For many years, the coalminers of Logan County have worked themselves into oblivion. They have toiled through the horrific darkness of the mines to provide for their families and labored under the moaning and groaning of the settling mountains just to satisfy the consumer demands for heat and electricity. To sum it up, they use the very best of their physical health to work themselves to death.
For many miners, retirement comes with the discovery of pneumoconiosis or black lung as it is best known. It is also common for the miner to come face to face with dereliction from the coal producers that employed him. And it is painful to think that all of the men and women who died of a terminal illness or injury that was related to their employment in the mines, take their departure and are soon forgotten.
Therefore, to the memory of all those men and women who have worked through the dust and dismay that the mining industry has to offer, I am introducing to everyone a former miner and my uncle, Laymond Ballard.
Laymond Ballard was born on November 13, 1938 at Hunt, West Virginia. As a child he was grandma's baby boy. He was very obedient and considerate to the necessities of the family with all of the wood-chopping that had to be done at that time. I have often heard my mother and aunt's jokingly talk about Grandma referring to him as her "little waterdog" because of his ardent desire to go swimming at the sandbar in the Guyandotte River with his 3 sisters; Opel, Hazel and my mother Jean. As a brother, Uncle Laymond was very protective of his sisters despite the childish pranks that I have often heard they repeatedly done to him. Furthermore, he was a brother who never held grudges against others.

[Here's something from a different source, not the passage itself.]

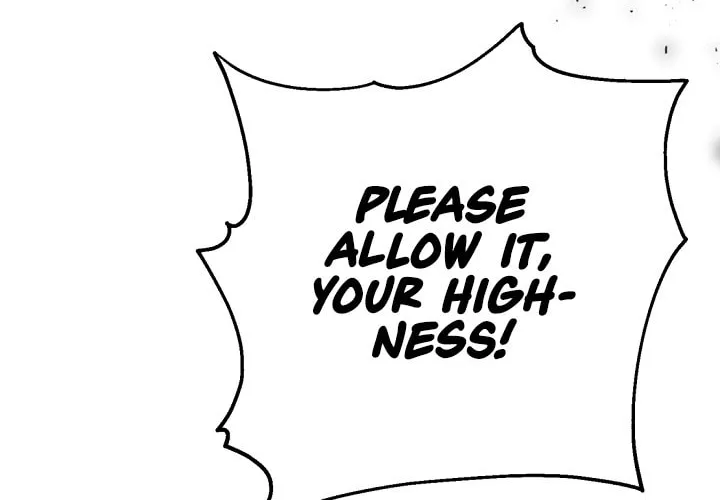 The Villainess is a Marionette Chapter 53 page 81 -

He became a coal miner in the late 60's for various mines on Buffalo Creek and began working for Dehue Coal Mines in 1970 where he was employed until 1985 as an electrician. He left the mines shortly after the necessary removal of one of his lungs. But prior to his lung problems no one that I have spoken to in the family can recall him missing a single day of work. Like many miners before him, he had to face court room litigations and legal battles in order to get the benefits that he had worked for during his tenure at Dehue Mines. Moreover, like many other miners, the union blackballed him. Nevertheless, he had his family and friends there with him through it all.
As a father, Uncle Laymond was honest, firm and disciplined. He was very unyielding and determined in his ways, yet, he was a paragon that other children could only wish to have as a father. To his 6 children and 13 grandchildren; he was loving, affectionate and he always seemed to have time to listen.

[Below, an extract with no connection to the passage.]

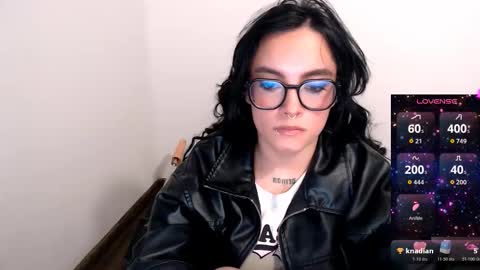 Gaby 3 online show from 02/28/26, 11:06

As a husband, he was devoted to my Aunt Liz. And in the light of the personality that I knew, it could only take death to separate them. However, by faith in Jesus Christ, that will only be for a short while.
As an uncle, I will never recall him as a boring person to be around. He was real fun to be with and he always enjoyed telling a good joke. Whether a person was 5 years old or 105 years old; Uncle Laymond had a special joke for every moment and situation. And his eventful stories were a grand display of all he could do to catch a rabbit that always caught my attention as a child. Furthermore, I will not forget the way he emphasized honesty and it's importance in the lives of everyone.
It was several months before his passing that I got to speak to him over the telephone. It was our first man-to-man conversation about attending church and daily prayer. I could hear the readiness in his voice as he told me how he talked daily with God. I could hear the longing in his heart to find comfort not just for himself but for his family as well.
Forgetting myself in that conversation, I made a remark about retirement from the mines. Uncle Laymond giggled a little and told me, "Bobby this isn't retirement I am still waiting for Jesus to grant that to me. That is the unsaid prayer of every miner like me." Uncle Laymond always had a way of saying words that stuck with you for the longest period of time.
The Lord finally took him home on October 22, 2002. He was only one of the many miners who had to leave this world the way that he did. However, his life is a story and a witness of the man I may never ascertain. His family loved him, the community held him in high regard and his personality and attitude are sought-after attributes everywhere you go. His legacy as a paradigm among West Virginian's is still respected. And if he had one more sentence that he could tell everyone, I think he would say, "Trust in the Lord."